A policy that reaches only first movers creates more surplus but leaves the first mover's payoff essentially unchanged ($-0.003$). The extra surplus flows entirely to the second mover. A policy that reaches only second movers creates no new surplus but raises the first mover's payoff by 0.755 through redistribution. A policy that reaches both sides raises the first mover's payoff by 0.814: new surplus gets created and the first mover actually captures some of it.

These are the objects someone designing policy would want to compare.

Monte Carlo results

Quantity	MC mean
Naive own-treatment difference in FM payoff	0.027
Synthetic pair: T–T minus C–C	0.814
Synthetic pair: T–C minus C–C	−0.003
Synthetic pair: C–T minus C–C	0.755

The naive estimator says treatment barely matters for the first mover. The regime-level cell means say it matters a great deal, but the gains come almost entirely through the second mover's channel. A researcher reporting only the naive estimate would miss both the size and the source of the welfare effect.

Two kinds of estimand

Role-specific effects ask whether treatment changes what each individual does:

$$\tau_1 = E[A(1) - A(0)], \qquad \tau_2 = E[B(1) - B(0)].$$

These tell you whether behavior changed. They do not tell you about welfare. The standard design handles them well: randomize individually, collect decisions before matching, form pairs afterward.

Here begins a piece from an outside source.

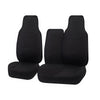 Canvas Seat Covers forToyota Hiace Trh-Kdh Series  LWB (2005-2016)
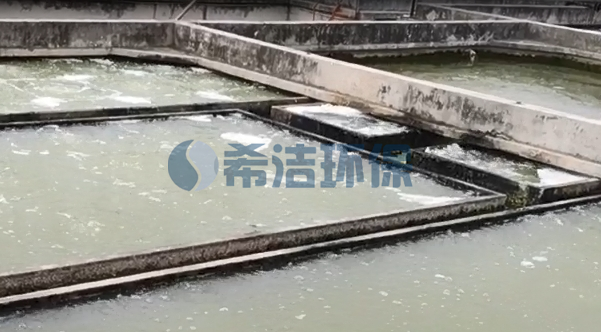 高效除磷剂对于污水除磷的效果（图）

Dyadic cell means ask what happens to the interaction under each regime:

$$\mu_{zw}^Y = E[Y(z,w)], \qquad z, w \in {0,1}.$$

These are the welfare objects. They tell you how much surplus each regime creates and how it gets distributed. They correspond to deployable scenarios. The standard design is fine for role-specific effects. It is misaligned with dyadic cell means, and researchers routinely talk as though they care about the latter while estimating the former.

Estimation

If matching is random within blocks and decisions are collected before matching, one can estimate expected cell means by synthetic pairing. Let $\mathcal{I}^{(1)}{sz}$ and $\mathcal{I}^{(2)}{sw}$ be the first and second movers with treatment states $z$ and $w$ in session $s$. The estimator is:

$$\widehat{\mu}^{,\text{exp}}{zw} = \frac{\sum_s \sum{i \in \mathcal{I}^{(1)}{sz}} \sum{j \in \mathcal{I}^{(2)}{sw}} g(A_i, B_j)}{\sum_s, n^{(1)}{sz}, n^{(2)}_{sw}}.$$

Synthetic pairing reuses individuals across many pseudo-pairs, so treating each synthetic pair as independent would understate uncertainty. Randomization inference, participant-level bootstrap, or session-level bootstrap are sensible alternatives.

Design implications

If the question is about individual behavior, individual-level randomization with post-decision matching is fine. If the question is about welfare, the study should be organized around regimes from the start: define dyadic cell means as primary estimands, preserve role labels and match structure, retain treatment status for both sides along with full response schedules, and analyze regimes directly rather than backing into them through own-treatment regressions.